Blood Tyme, In The Spring-- a story


Posted by NL on December 29, 2004 at 13:22:50:

Blood Tyme, In The Spring

Yes, it has come to that, to celebrate Blood Tyme In The Spring, but in so etiolated and even whispery a fashion that it hardly serves to stir a man's heart. I remember when we would go about, in Spring, in the good olde Bloodtyme of yore, to round up women and girls, religiously checking birth certificates to make certain we traded only in flesh of exploitable age, and herded them into stone corrals and the special reserved dungeon keeps, where they could be stripped to the buff or prettily costumed in scanty garments, as the Spirits moved us, for the great killing, and then the mighty orgy of necrophiliac delight that climaxed the festival. Some of us liked them freshly dead, freshly killed, and others of us would have them ripe. By "ripe" you should imagine the states of decomposition following rigor, that time when stiffened limbs loosen again, and even the slenderest lady acquires a round, taut, belly. And even others of us would create a companion to follow for the whole process, from warm and supple to cold and stiff, to cold and supple to-- ripe. Very, very, ripe.

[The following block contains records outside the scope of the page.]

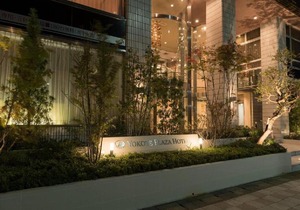 Yokote Plaza Hotel / Vacation STAY 40219
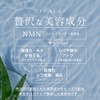 Make.iN NMN Moist Eye Sheets, 3 Bags, 60 Sheets Each,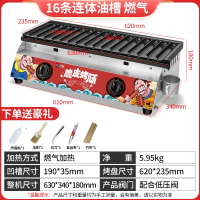 黄金蛋脆皮烤肠机商用摆摊推车地摊香肠机淀粉肠路边摊炉子烤火腿肠_气-新潮-整16排连体油槽带油杯-赠品礼包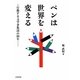ペンは世界を変える―行動する文学者集団の90年 [単行本]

You know, since it was traditional, and came to us from olden tymes, and since so many had seen it, even before they were of lawful age to participate, and we were, all of us, so well steeped in the mythos of Blood Tyme, In The Spring, hardly anyone objected, and it was all very well accepted, and even though you risked having your wife or daughter or even mother taken from you by a man you knew not, or even by a man you did know, even, perhaps, a relative, to be shot by him, or stabbed by him (since death by arrow/crossbow or knife were two out of three of the lawful methods of erotic killing-- the third being strangulation), the risk seemed part of life, and no greater and no worse than the risk of some natural catastrophe or stupid, fatal, accident. I always felt, and I was certainly not alone, that Blood Tyme, In The Spring, added a great sauce of piquance and poignancy to any relationship. I recall a time when I had joined a band of bowmen. We dressed our catch of ladies as harem girls in truly marvelous midriff-baring flowing veil-like garments of translucent silk, in scarlets and aquas and ultramarines. I drew by lot a rather plump brunette, large in belly, butt, thigh, and bosom. I shot an arrow into her abdomen, between navel and breastbone. By the time I was done, my precious bodily fluids annointed her body's most holy places. Ah, to have lived so long! There were so many pretty ones, over the years! Yes, I did at times sample the stong liquors of the advanced stages, post-mortem. I would snort ammonia spirits and temporarily annihilate my sense of smell, and rubbed myself well with anti-bacterial preparations.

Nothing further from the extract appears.